Risultato: dopo un attimo di sbandamento, un consistente gruppo di attori con il piacere di calcare il palcoscenico ha voluto tornare al teatro, ma con spettacoli diversi da quelli tradizionali. Con spettacoli, cioè, ideati da loro stessi, scritti da loro (o da ghost writers personali) per se stessi, e portati in scena da loro stessi con l’eventuale compagnia di solo uno o due colleghi. Gli autori tradizionali sono rimasti per lo più fuori gioco. Le opere sceniche tradizionali, “classiche” o “borghesi”, sono state quasi tutte messe da un canto. La fantasia e la creatività libere si sono spente, per adattarsi alle peculiarità individuali di questi attori eterni protagonisti. E perfino il modo di recitare è stato modificato, mirando soprattutto a colpire la sensibilità degli spettatori con opere brillanti, comiche, rarefatte o stranianti, e non più la loro intelligenza, i loro valori morali, la loro psicologia.

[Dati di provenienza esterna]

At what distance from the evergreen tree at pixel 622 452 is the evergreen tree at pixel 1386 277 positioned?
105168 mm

Quel che è derivato da una simile trasformazione, pur talora molto interessante, è stata la morte di un certo teatro classico e la nascita di una nuova figura di artista: l’attautore, l’attore autore che, analogamente al cantautore, preferisce rappresentare proprie opere e non quelle di altri. Una svolta innovativa, nella storia del teatro, che meriterà probabilmente seguire da vicino, per capire dove porterà. E se porterà da qualche parte.